*WORK TO BE COMPLETED*. In this exercise, the entries below include pictures. Repeat exactly the lines from the line with "Отпусти. Путь освобождения. Дэвид Р. Хокинс" to the line with "医学・医療概説 三訂版", including both, but without the pictures.

*INFORMATION PROVIDED*.
* * *

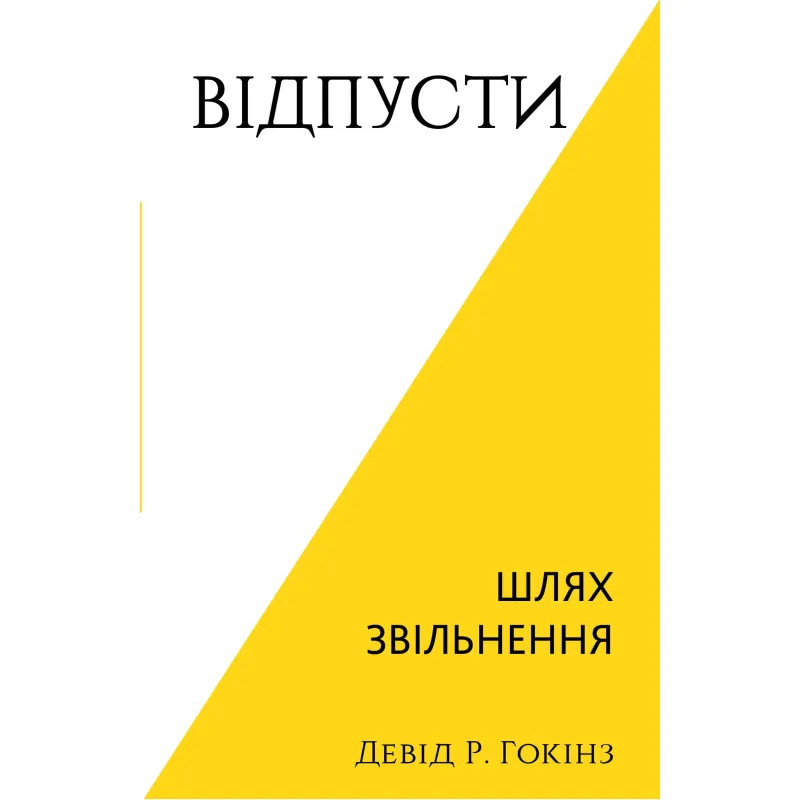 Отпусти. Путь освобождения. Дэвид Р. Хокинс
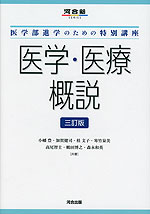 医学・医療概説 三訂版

* * *

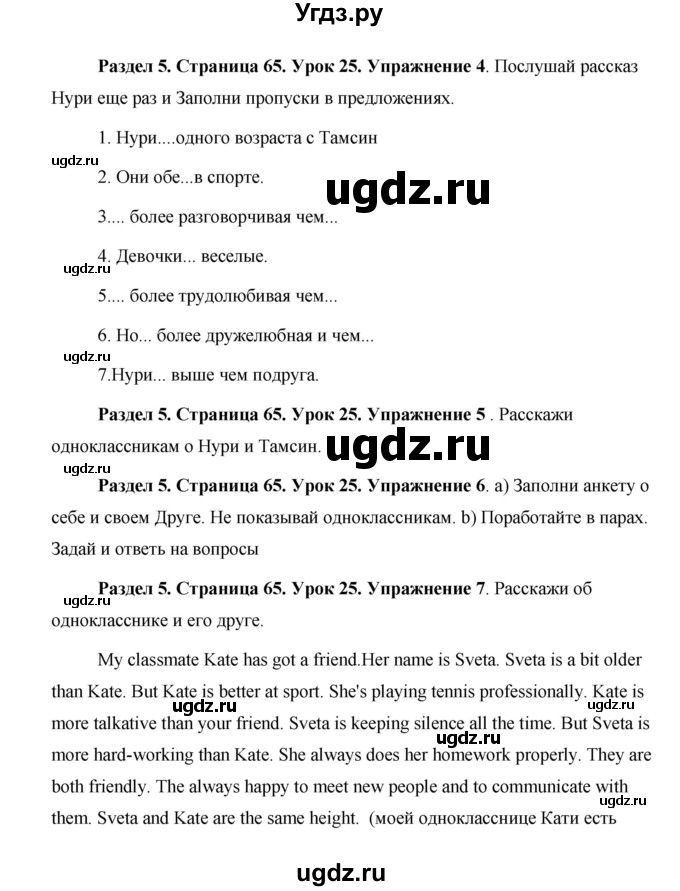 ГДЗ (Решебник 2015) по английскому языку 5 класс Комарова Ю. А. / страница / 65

* * *

*WORKED SOLUTION*.
 Отпусти. Путь освобождения. Дэвид Р. Хокинс
 医学・医療概説 三訂版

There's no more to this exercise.